In certain sectors, over-the-top ad agency greetings are as much a part of the holiday season as A Christmas Carol and How the Grinch Stole Christmas!.

Anomaly London put in their thumb and pulled out a plum when Sir Patrick Stewart agreed to voice their latest effort, above.

And what better way to top his celebrated turn as Ebeneezer Scrooge than by tackling the most Christmas-y role of them all?




Santa, is that you?

No, dear child, ’tis Satan, summoned by an innocent mis-spelling on the part of a young girl eager for a Christmas puppy.

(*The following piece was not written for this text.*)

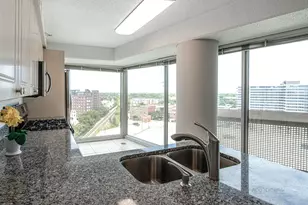 1720 Maple Ave, Evanston, IL 60201 - Photo 11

When the post office delivers her similarly misaddressed envelope to hell by December 25, the buff and tattooed Lord of Darkness’ heart grows three sizes. Everyone likes to be told they’re special.

Next thing you know, he’s traded the fiery furnace for a gluten-free bakery in Shoreditch, where he’s a happy team player, making latte art and wearing a goofy cap.

The ending is a sweet mix of “I hate you, you ruined Christmas, go to hell!” and “God bless us everyone.” Santa doesn’t survive, but the childlike capacity for wonder does.

Those with sensitive stomachs may want to go easy on the eggnog while watching this soon-to-be-holiday classic. The projectile vomiting rivals the Exorcist’s.

And happy holidays from all of us at Open Culture!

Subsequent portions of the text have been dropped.